Forecasting & Planning·7 min read·Updated 1 February 2025

How to Forecast Revenue with AskBiz

Use AskBiz AI to build accurate revenue forecasts — from simple trend projections to channel-level models — so you can plan with confidence.

Why revenue forecasting matters

A revenue forecast is the foundation of every business plan. Without one, hiring decisions, inventory purchases, and marketing spend are guesses. With one, you can make confident commitments — and know when reality is diverging from plan quickly enough to act.

Most small business owners avoid forecasting because it feels complicated or because past forecasts were wrong. AskBiz makes it approachable: the AI builds your baseline forecast from your actual data, and you adjust it with your knowledge of what's coming.

Building your baseline forecast

AskBiz generates a baseline revenue forecast using your connected sales data. To access it:

1. Go to Finance → Forecasting → Revenue Forecast

2. Select your forecast horizon: 3, 6, or 12 months

3. The AI calculates your baseline using a combination of:

  • Trend: your underlying growth or decline rate over the last 12 months
  • Seasonality: recurring peaks and troughs from the same periods in prior years
  • Recent momentum: whether your last 8 weeks were above or below trend

The result is a central forecast with upper and lower confidence bands — not a single line, but a range reflecting realistic uncertainty.

Adjusting for known future events

The AI baseline is a mathematical projection. You know things the model does not: a major product launch, a lost key account, a planned marketing campaign, or a seasonal promotion.

To add an adjustment:

1. In the Revenue Forecast view, click Add Adjustment

2. Select the month(s) and enter the expected uplift or reduction (as a £ amount or %)

3. Add a label (e.g. 'Summer sale +15%' or 'Key account churn -£8,000/month')

Adjustments layer on top of the AI baseline. You can add as many as needed and toggle them on or off to see the impact of each assumption.

Forecasting by channel

Total revenue forecasts hide important channel-level dynamics. A business where Amazon is declining but direct-to-consumer is accelerating has very different implications than one where both are flat.

AskBiz breaks your revenue forecast down by connected channel (Shopify, Amazon, WooCommerce, etc.). To view channel forecasts:

  • Go to Finance → Forecasting → Revenue Forecast → By Channel
  • Toggle individual channels on or off to see how each one contributes to total

Channel-level forecasts are also useful for identifying which channels need the most commercial attention in the coming quarter.

Tracking forecast vs actual

A forecast is only useful if you track actuals against it. AskBiz updates actuals automatically as sales come in — no manual input needed.

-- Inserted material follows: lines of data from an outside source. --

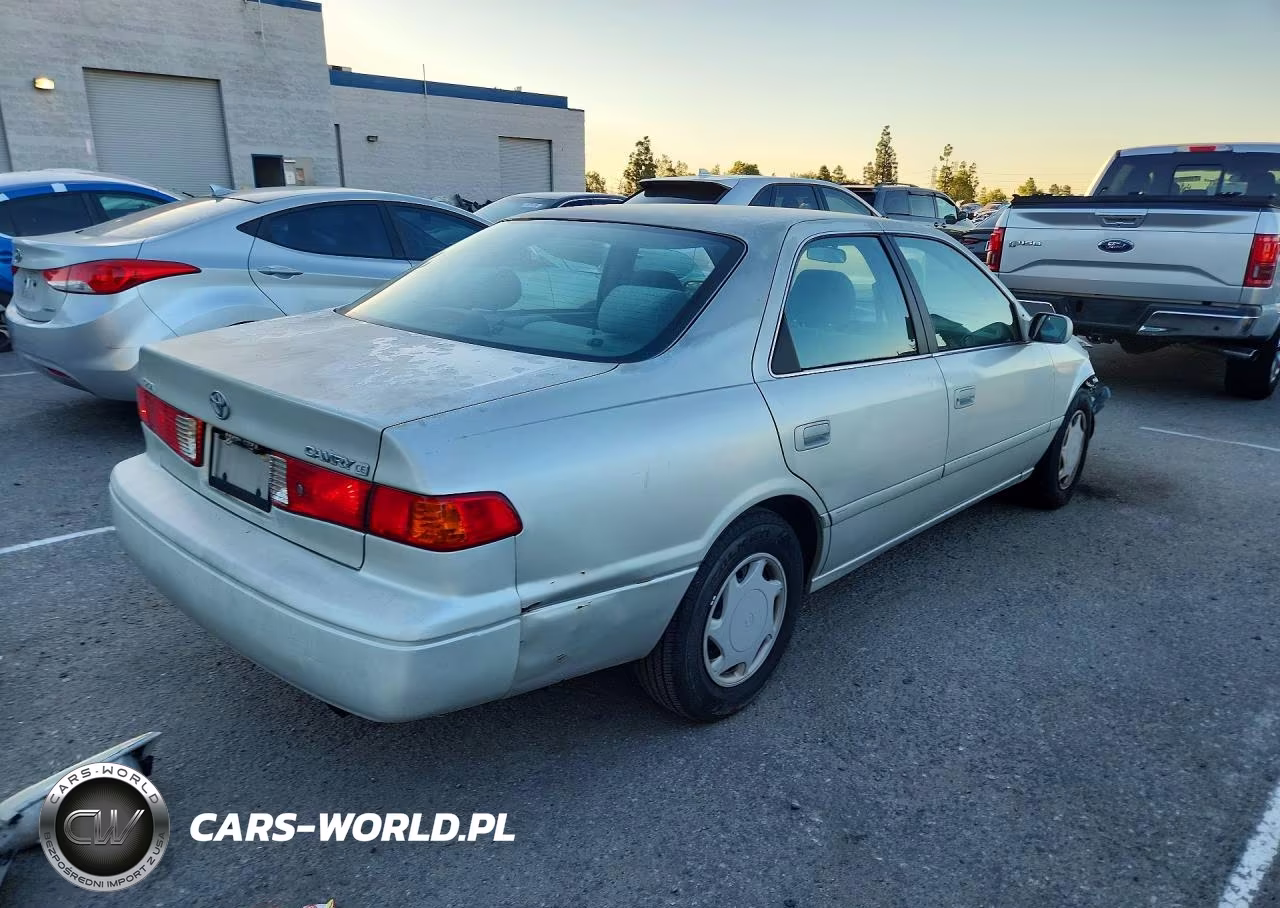 2000 Toyota Camry Ce VIN:4T1BG22K4YU708377 - 3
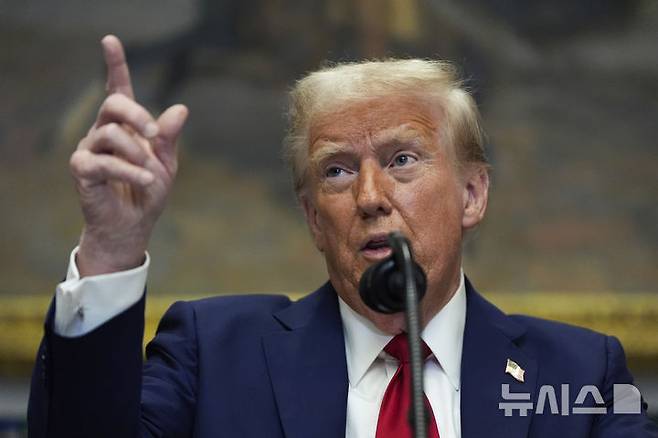 [워싱턴=AP/뉴시스] 도널드 트럼프 미국 대통령이 21일(현지 시간) 워싱턴DC 백악관에서 기자회견 하고 있다. 2025.01.22.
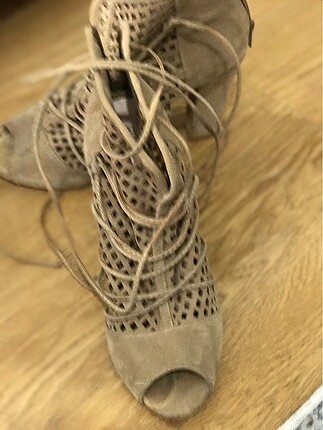 Bershka Topuklu sandalet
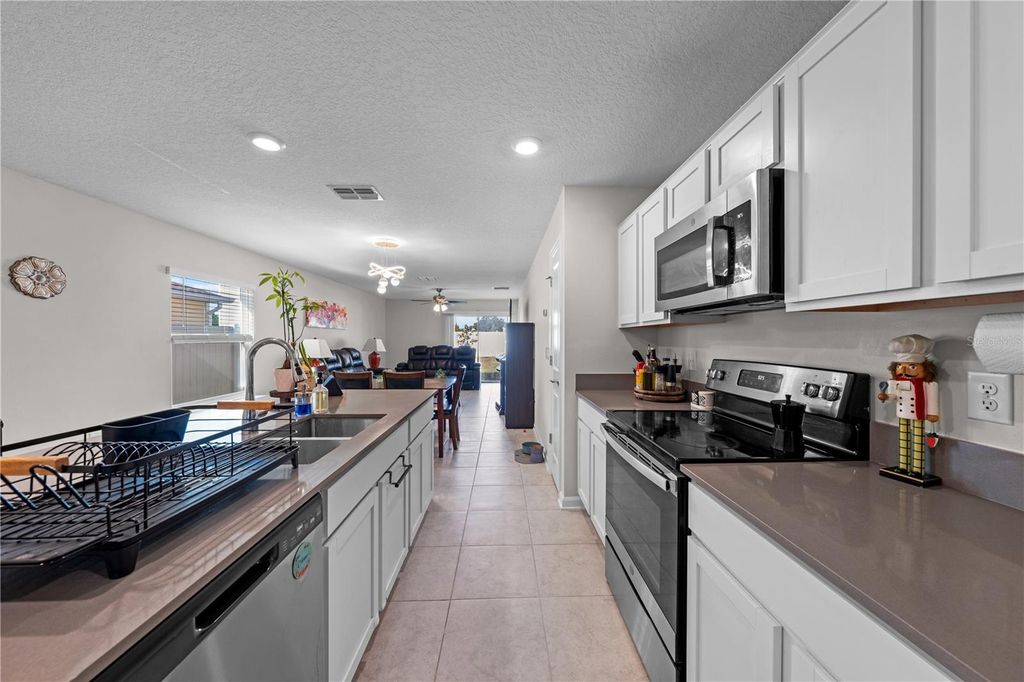 Image 15 of property listing at 1988 TRAVERSE WAY, Kissimmee, FL 34746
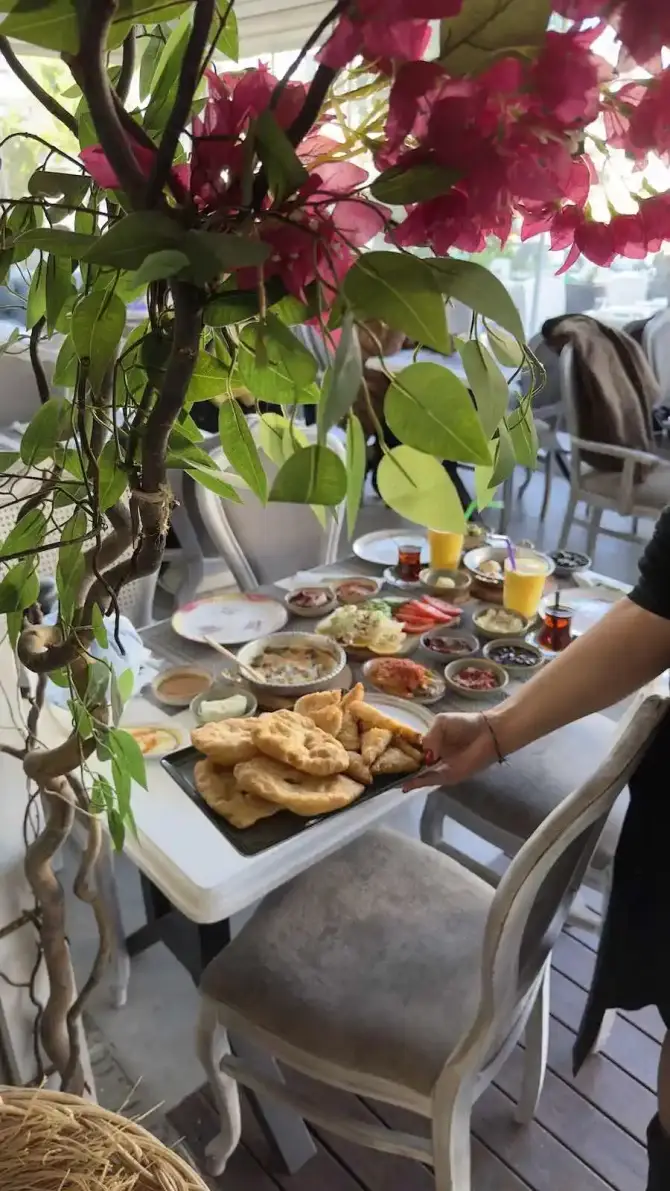 Mori Kahvaltı Mavişehir - İzmir Mekan Rehberi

Each week, go to Finance → Forecasting → Forecast vs Actual to see:

  • How actual revenue compares to your forecast for the current month
  • Whether you are running ahead or behind, and by how much
  • Which channels are outperforming or underperforming forecast

If actuals diverge from forecast by more than 10%, AskBiz will flag this in your Daily Brief and suggest whether to revise the forecast or investigate the cause.

Sharing your forecast

Forecasts are useful for more than internal planning. You may need to share them with investors, a bank, or your board.

To export:

  • PDF report: Finance → Forecasting → Export → PDF — generates a formatted summary with charts
  • Excel/CSV: Exports monthly forecast figures with upper/lower bounds for inclusion in financial models
  • Shareable link: Creates a read-only dashboard link showing the forecast (no login required for the recipient)

For investor-grade forecasts, pair the AskBiz revenue forecast with your financial model in Excel — use AskBiz as the revenue input and build your P&L and cash flow model around it.